Databases

Overview

Parsons offers support for a variety of popular SQL database dialects. The functionality is focused on the ability to query and upload data to SQL databases. Each database class also includes the ability to infer datatypes and data schemas from a Parsons table and automatically create new tables.

Similar to other classes in Parsons, the query methods for databases all return Parsons Table, which allow them to be easily converted to other data types.

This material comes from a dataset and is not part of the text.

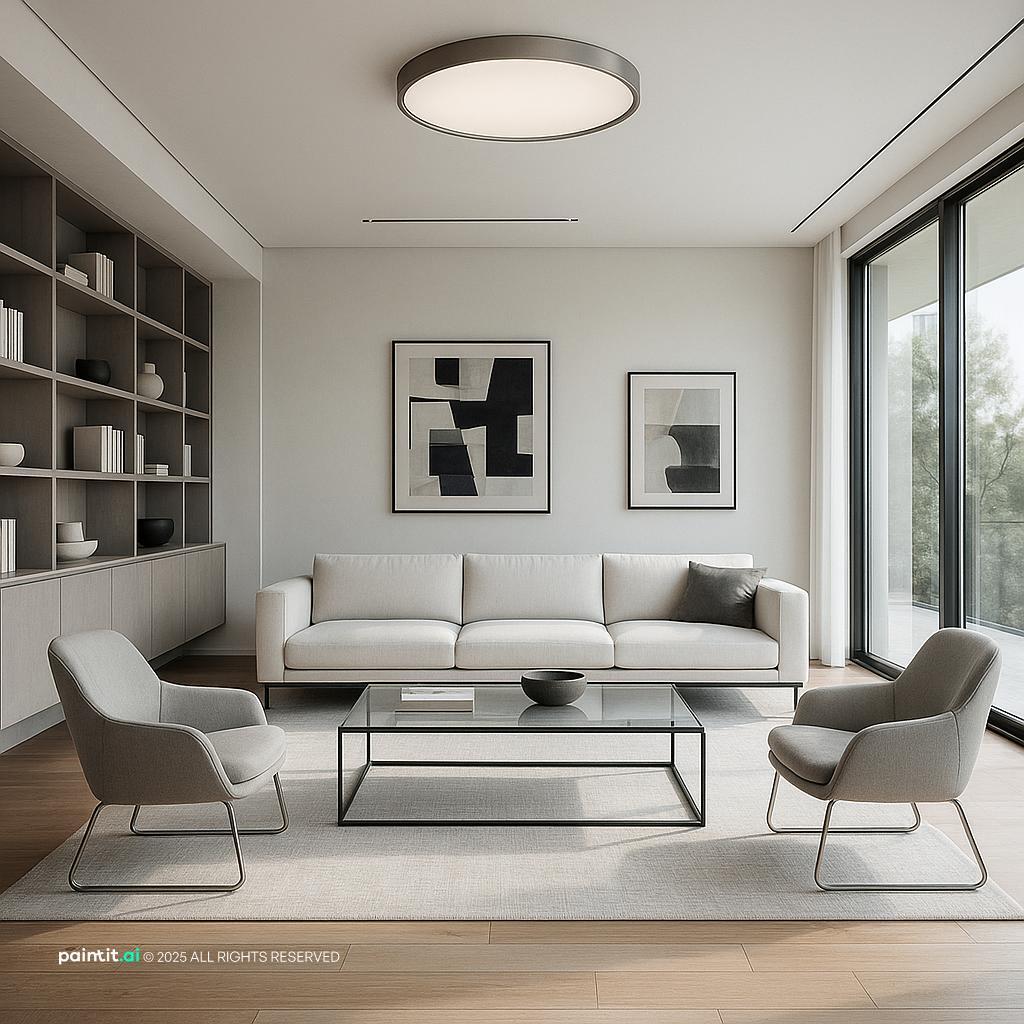 Modern Minimalist Living Room Design showing Scandinavian simplicity, light wood warmth, metal accents for Scandinavian Design Living Room.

There is also support for synchronization of tables between databases as part of the Database Sync framework.

Google BigQuery

See Google for documentation.

MySQL

MySQL is the world’s most popular open source database. The Parsons class leverages on the MySQLdb1 python package.

Quick Start

Authentication

from parsons import MySQL

# Instantiate MySQL from environmental variables
mysql = MySQL()

# Instantiate MySQL from passed variables
mysql = MySQL(username='me', password='secret', host='mydb.com', db='dev', port=3306)

Quick Start

# Query database
tbl = mysql.query('select * from my_schema.secret_sauce')

# Copy data to database
tbl = Table.from_csv('my_file.csv') # Load from a CSV or other source.
mysql.copy(tbl, 'my_schema.winning_formula')
class parsons.MySQL(host=None, username=None, password=None, db=None, port=3306)[source]

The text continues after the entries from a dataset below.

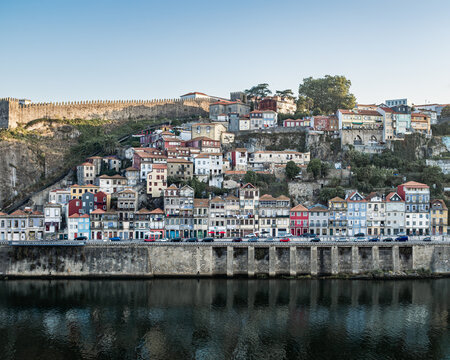 Porto city and douro river waterfront with historic buildings.
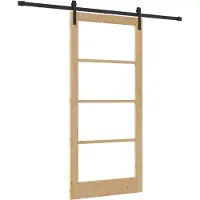 vidaXL Schiebetür ORKDAL Natur 93 x 202 cm Massivholz Kiefer und Glas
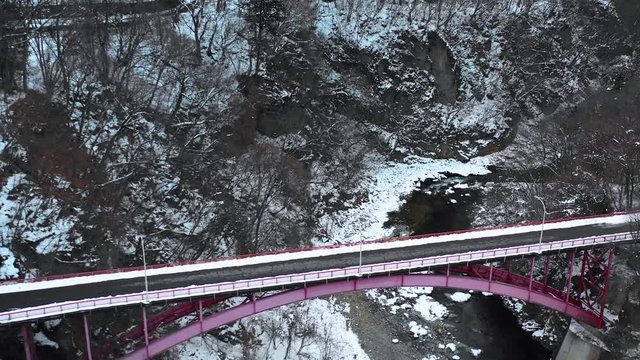 冬の川・空撮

Connect to a MySQL database.

Args:
username: str
Required if env variable MYSQL_USERNAME not populated
password: str
Required if env variable MYSQL_PASSWORD not populated
host: str
Required if env variable MYSQL_HOST not populated
db: str
Required if env variable MYSQL_DB not populated
port: int
Can be set by env variable MYSQL_PORT or argument.
connection()[source]

Generate a MySQL connection. The connection is set up as a python “context manager”, so it will be closed automatically (and all queries committed) when the connection goes out of scope.

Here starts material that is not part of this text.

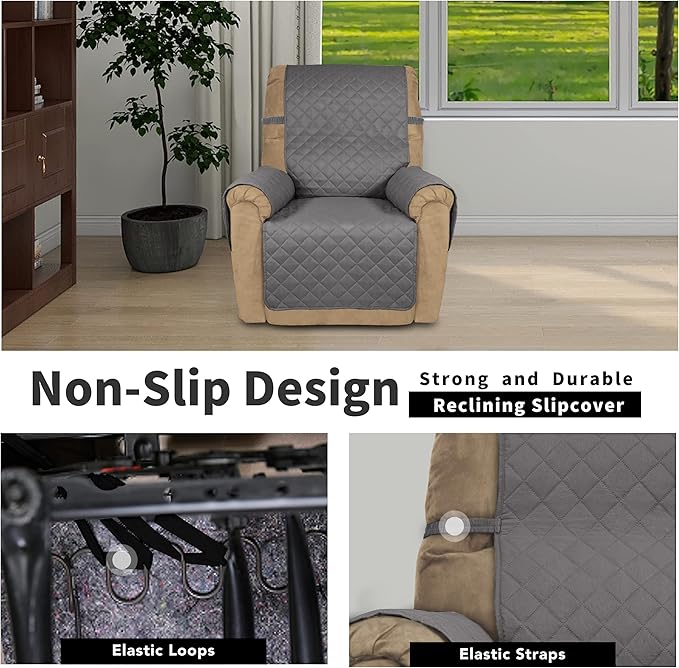 Easy-Going Recliner Chair Slipcover Reversible Sofa Cover Water Resistant Couch Cover Furniture Protector with Elastic Straps for Pets Dog (Recliner 22 inch, Gray/Gray)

When using the connection, make sure to put it in a with block (necessary for any context manager): with mysql.connection() as conn:

Returns:
MySQL connection object
query(sql, parameters=None)[source]

Execute a query against the database. Will return None if the query returns zero rows.

To include python variables in your query, it is recommended to pass them as parameters, following the mysql style. Using the parameters argument ensures that values are escaped properly, and avoids SQL injection attacks.

Parameter Examples

# Note that the name contains a quote, which could break your query if not escaped
# properly.
name = "Beatrice O'Brady"
sql = "SELECT * FROM my_table WHERE name = %s"
mysql.query(sql, parameters=[name])
names = ["Allen Smith", "Beatrice O'Brady", "Cathy Thompson"]
placeholders = ', '.join('%s' for item in names)
sql = f"SELECT * FROM my_table WHERE name IN ({placeholders})"
mysql.query(sql, parameters=names)
Args:
sql: str
A valid SQL statement
parameters: list
A list of python variables to be converted into SQL values in your query
Returns:
Parsons Table
See Parsons Table for output options.
query_with_connection(sql, connection, parameters=None, commit=True)[source]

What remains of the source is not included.